[Start of Attachment]

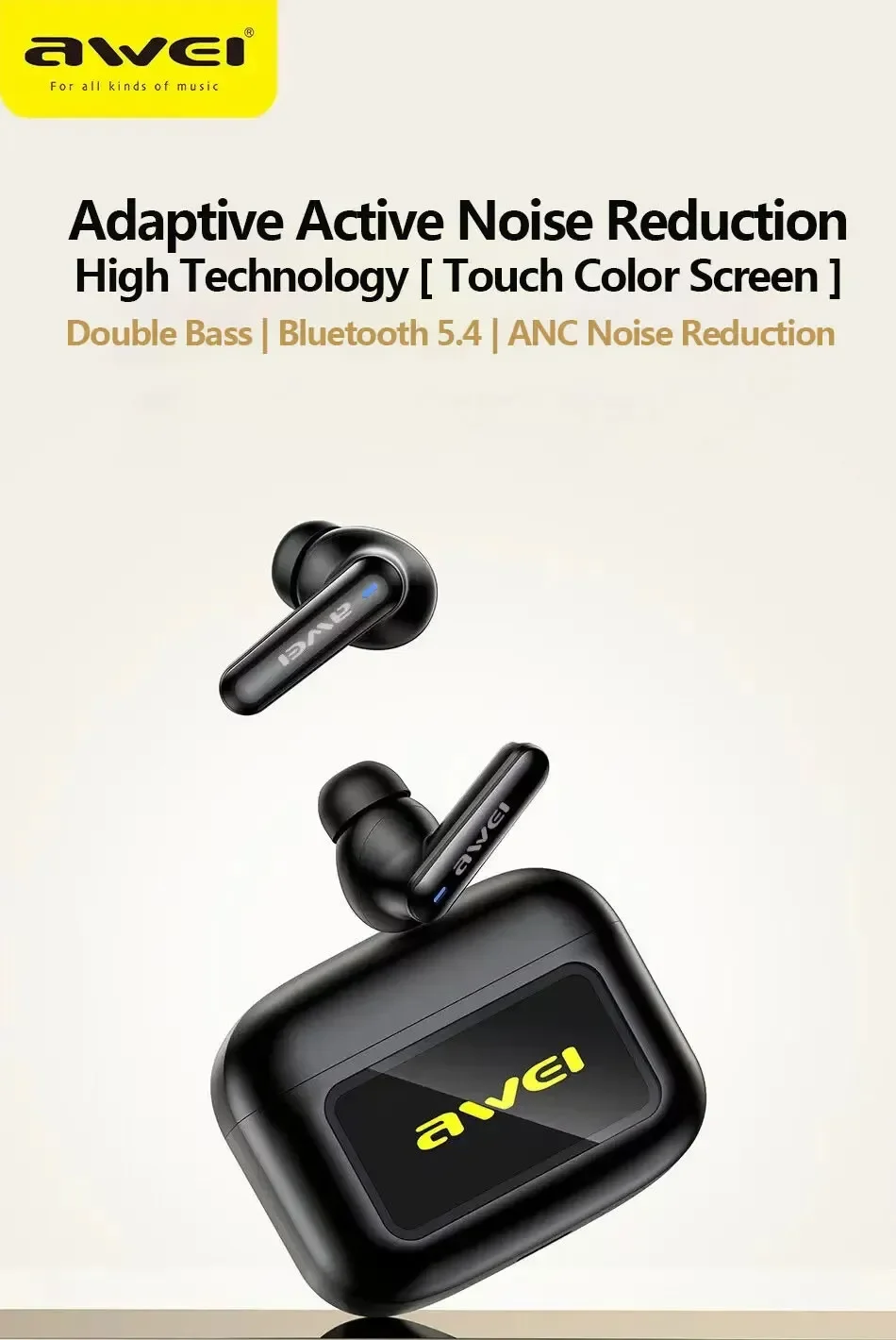 Awei T56 Anc Earbuds With Led Display A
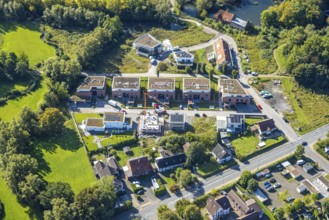 Aerial view, construction site and new development area Schlossstraße, district Heessen, Hamm, Ruhr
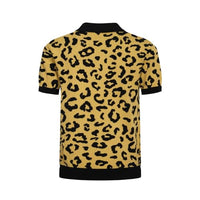 
              OXKNIT Men's Retro Polo Shirts 1960s Mod Style Vintage Shirts Knitted Polo Shirts V-Neck Leopard Shirt
            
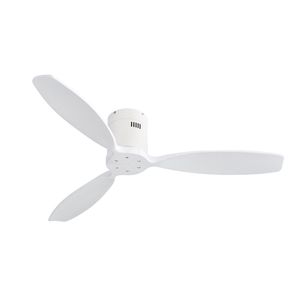 Ventilatore da Soffitto da 52 Pollici con Telecomando, Motore DC Reversibile, 3 Pale in Legno Massello, Senza Luce, Struttura in Legno - Product Image 1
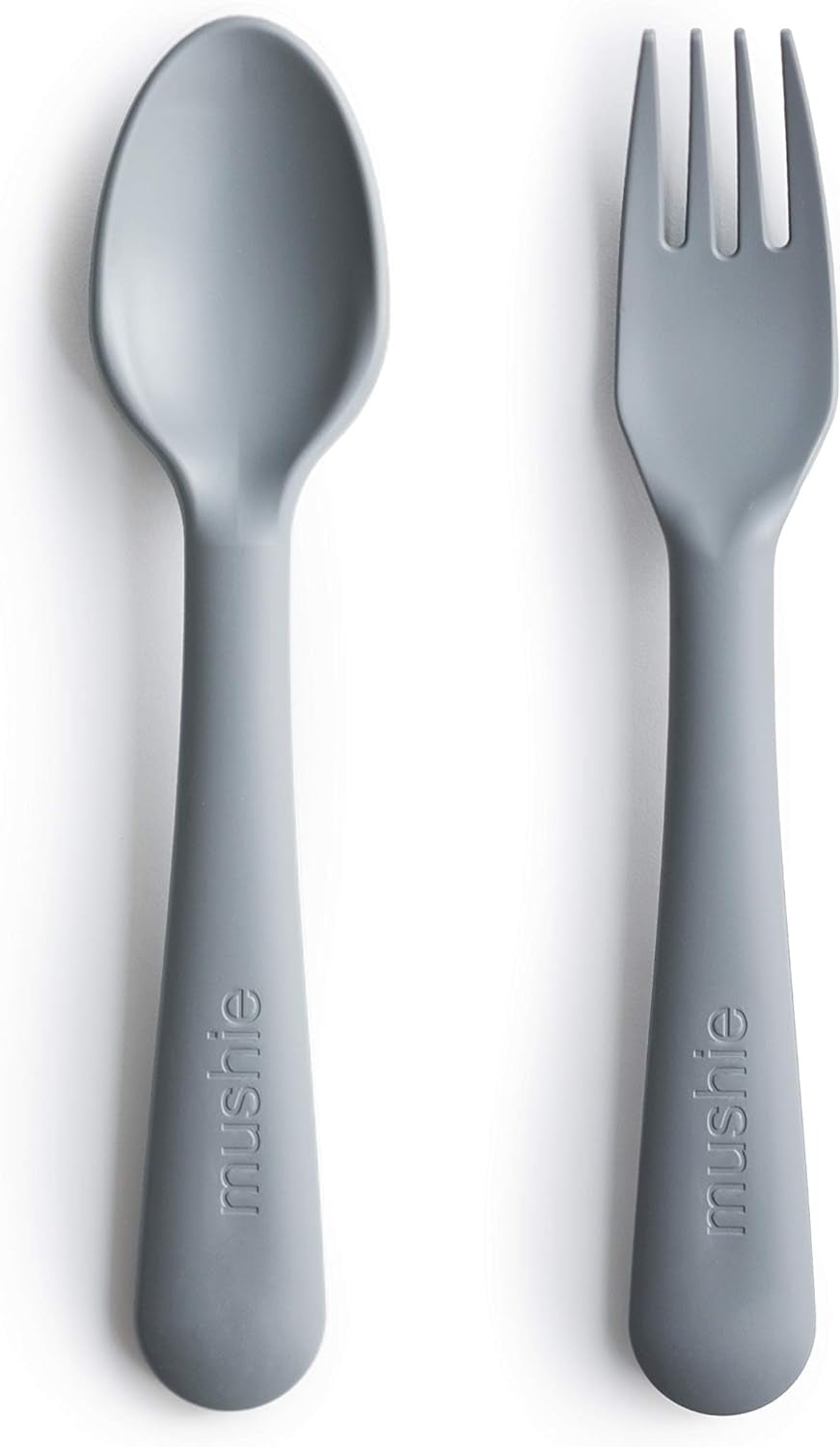 Mushie Flatware Fork and Spoon Set for Kids | Made in Denmark (Cloud)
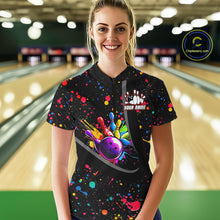 Load image into Gallery viewer, Colorful bowling jerseys Bowling Polo, 1/4 Zip Shirt for Women Custom Bowling Team shirts for bowlers NQS10363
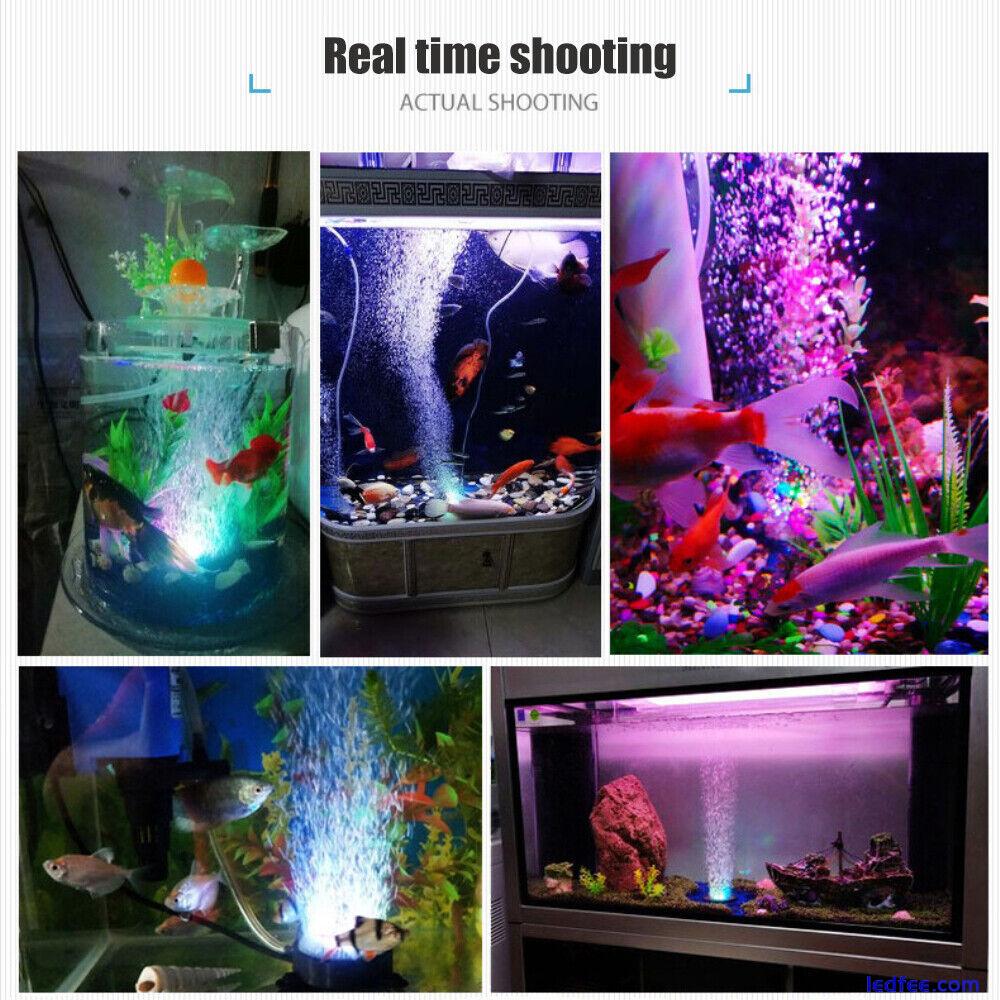 LED Aquarium Light Fish Tank Bubble Pump Round Air Stone Disk Color Changing 2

[End of Attachment]

Problem details:
Aside from the pictures, copy all of the entries exactly.

Answer to this problem:
 Awei T56 Anc Earbuds With Led Display A
 Aerial view, construction site and new development area Schlossstraße, district Heessen, Hamm, Ruhr
              OXKNIT Men's Retro Polo Shirts 1960s Mod Style Vintage Shirts Knitted Polo Shirts V-Neck Leopard Shirt
            
 Ventilatore da Soffitto da 52 Pollici con Telecomando, Motore DC Reversibile, 3 Pale in Legno Massello, Senza Luce, Struttura in Legno - Product Image 1
 Mushie Flatware Fork and Spoon Set for Kids | Made in Denmark (Cloud)
 Load image into Gallery viewer, Colorful bowling jerseys Bowling Polo, 1/4 Zip Shirt for Women Custom Bowling Team shirts for bowlers NQS10363
 LED Aquarium Light Fish Tank Bubble Pump Round Air Stone Disk Color Changing 2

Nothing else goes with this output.